◆ DATA BLOCK:
+-------+

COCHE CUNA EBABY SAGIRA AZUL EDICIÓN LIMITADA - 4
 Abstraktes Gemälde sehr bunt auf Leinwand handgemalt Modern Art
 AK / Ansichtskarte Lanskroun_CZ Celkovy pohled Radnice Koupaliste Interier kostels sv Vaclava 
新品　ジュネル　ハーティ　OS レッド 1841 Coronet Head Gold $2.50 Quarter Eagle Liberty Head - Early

+-------+

◆ WHAT YOU NEED TO DO:
The full listing is to be written out again, exactly as shown.

◆ TASK RESPONSE:
COCHE CUNA EBABY SAGIRA AZUL EDICIÓN LIMITADA - 4
 Abstraktes Gemälde sehr bunt auf Leinwand handgemalt Modern Art
 AK / Ansichtskarte Lanskroun_CZ Celkovy pohled Radnice Koupaliste Interier kostels sv Vaclava 
新品　ジュネル　ハーティ　OS レッド 1841 Coronet Head Gold $2.50 Quarter Eagle Liberty Head - Early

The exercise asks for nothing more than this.